CMU researchers develop web tool to analyze big data

Credit: Saman Amirpour Amraii Credit: Saman Amirpour Amraii

Two researchers in Carnegie Mellon’s Robotics Institute have developed Explorable Visual Analytics (EVA) to change the way people visualize and find patterns in large data sets, as well as share their findings.

Saman Amirpour Amraii, a senior system/software engineer in Carnegie Mellon’s Robotics Institute, and Amir Yahyavi, a post-doctoral researcher in Carnegie Mellon’s Robotics Institute, both of the CREATE Lab in Carnegie Mellon’s Robotics Institute, created EVA, an online platform for “visualizing and analyzing large and high-dimensional data that allows users to intuitively navigate terabytes of data consisting of hundreds of dimensions,” Amraii said. “Users can build simple geographical representations or complex, abstract, 5-dimensional projections of the data. They can also bookmark their favorite views and share the entire exploration and discovery process via a simple link.”

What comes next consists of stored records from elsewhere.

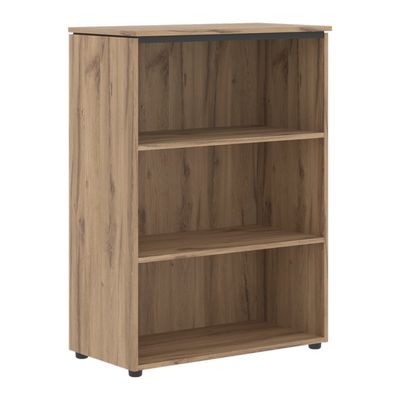 Энио MMC 85 (дуб денвер светлый/антрацит) Стеллаж широкий 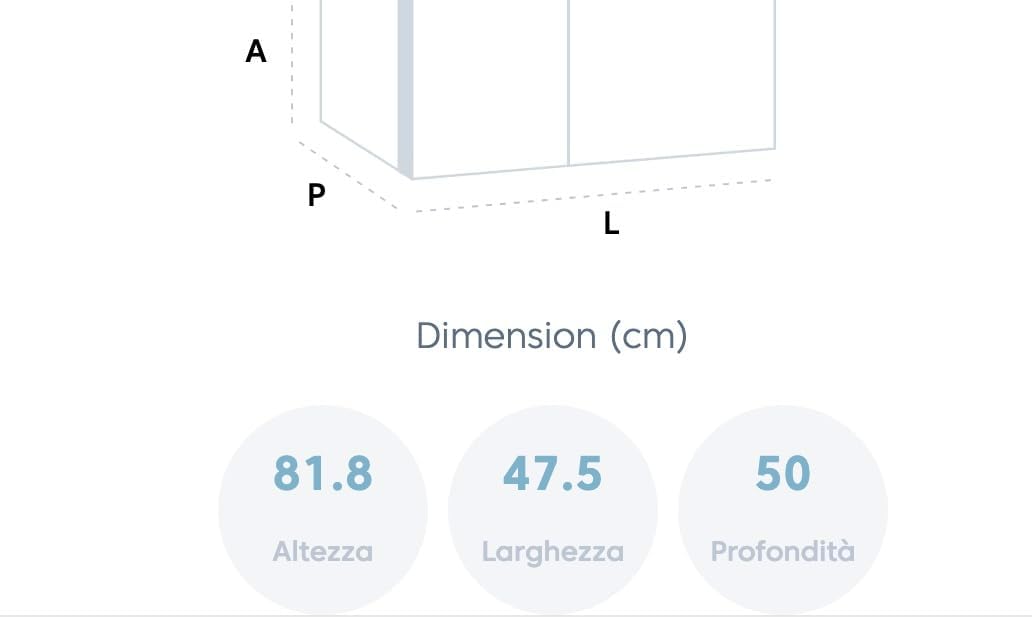 Beko TS190030N - Frigorifero Sottotavolo, Statico, 38 dBA, 88L, Bianco, 47.5 x 81.8 x 50 cm [Classe di efficienza energetica F]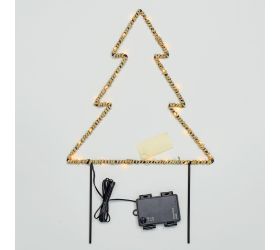 Zápich strom led kov 27,5x45,5cm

Nowadays, our world is facing a big data challenge. We collect data from a multitude of sources — from cell phone screens to aerospace monitors, from demography to the retail industry. In a world crowded with information, people are forced to find a way to organize and analyze this data in a relatively short time period.

Currently, the most used software for data organization and analysis is Excel, which was designed in a time when datasets were small and easily stored on personal computers. Nowadays, even modern personal computers cannot store large datasets such as those from the U.S. Census Bureau’s Longitudinal Employer-Household Dynamics (LEHD) program, which takes up millions of rows and approximately hundreds of gigabytes.

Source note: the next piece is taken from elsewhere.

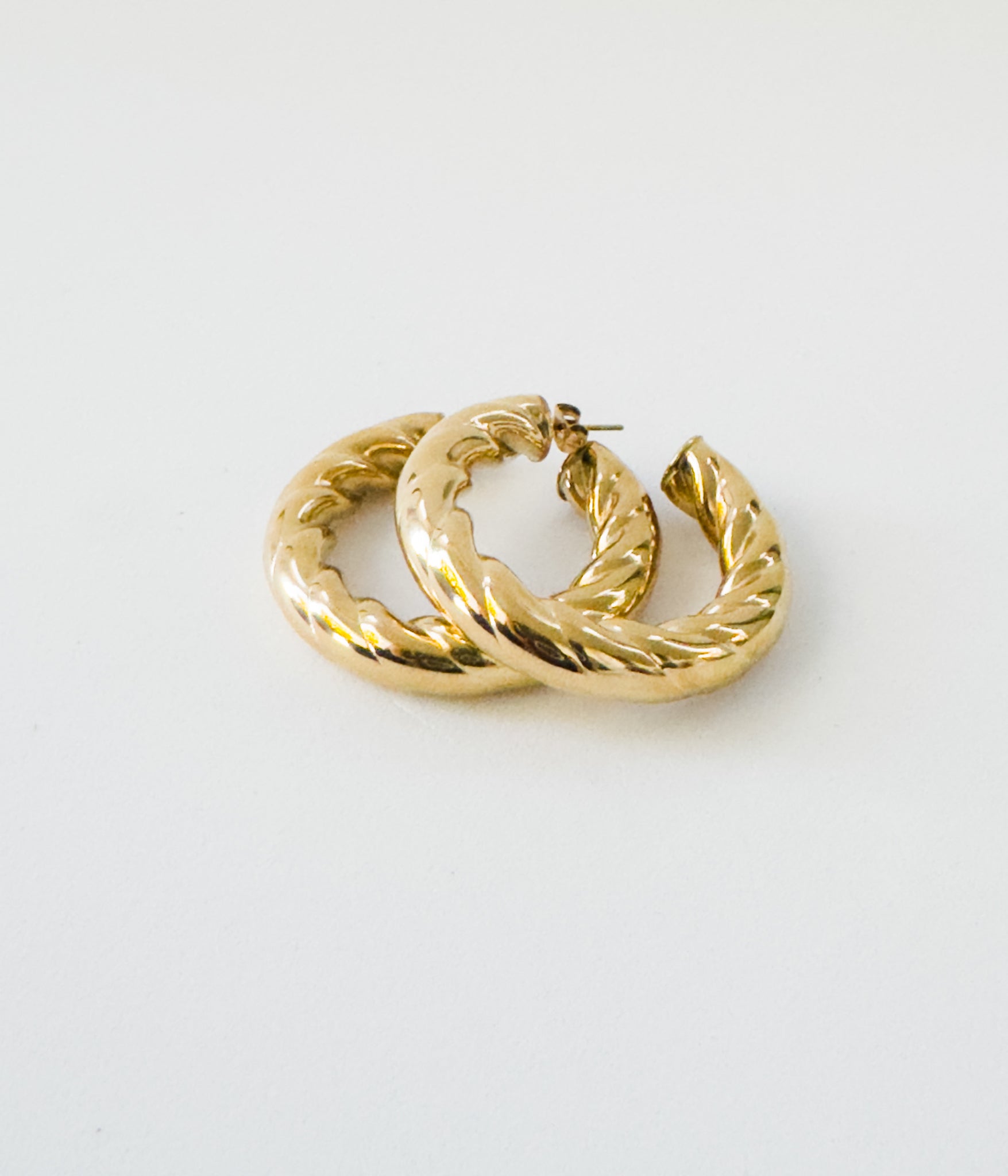 Reese 18K Gold Plated Twisted Hoops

In order to process data of this sort in a traditional manner, users would need a cluster or super computer. Moreover, they would need the programming skills to successfully handle these datasets and a large amount of time to process everything, which is unrealistic and inefficient. The development of EVA, however, attempts to bridge these gaps by providing users with an online platform that allows for a new method of data visualization and analysis that can handle large datasets without these traditional setbacks.

Amraii describes EVA as a powerful tool that makes the analysis of huge datasets as easy as the analysis of small sets using Excel. The main benefit of EVA lies in the fact that it’s a web-based tool, meaning that the bulk of the data can be stored in an external network, with users only downloading the portion of the data that is being analyzed.

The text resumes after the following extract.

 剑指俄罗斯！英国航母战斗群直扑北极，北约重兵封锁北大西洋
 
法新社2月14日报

In this way, EVA “give[s] users the illusion they are working with all of a massive dataset while actually sending only a small proportion of the data to the client,” Yahyavi said in a university press release. If data is displayed on a map, for instance, users can zoom in on an area of interest and EVA will only process the data relevant to that particular portion of the map, effectively reducing the large dataset into a smaller, more manipulable set of data. This freedom allows users to “play” with data by quickly adjusting parameters and graphic displays. The researchers noted that speed was the main focus for EVA.

“The system has to be fast,” Amraii said in a university press release. “If it takes a half hour to get an answer to your query, you may forget why you asked in the first place.”

Another benefit of EVA is that it provides more possibilities for data exploration. Users can easily find underlying correlations by incorporating additional parameters such as yearly income or ethnic group. By setting time constraints from several years ago to current time, users can visualize growing or declining trends.

EVA also promotes collaboration by enabling self-explanatory storytelling. Users are able to record their findings by taking a screenshot of the high resolution visual map of the data they produced. Additionally, the bookmark feature allows a user to share a set of their findings with another collaborator via a URL. The collaborator can then trace all the steps the user took before they came to the final result to see what paths the initial user took.

EVA was developed by Amraii and Yahyavi, along with staff members in the CREATE Lab, and took nearly three years to develop. The online platform has a promising future in many fields such as in business, where EVA can help analyze massive amounts of sales information. EVA will allow users to upload numeric big data sets, analyze them, and tell their unique story to the world. EVA will expand our collective ability to utilize big data by making it easy for everyone, with or without computer science and statistics knowledge, to effectively analyze big data.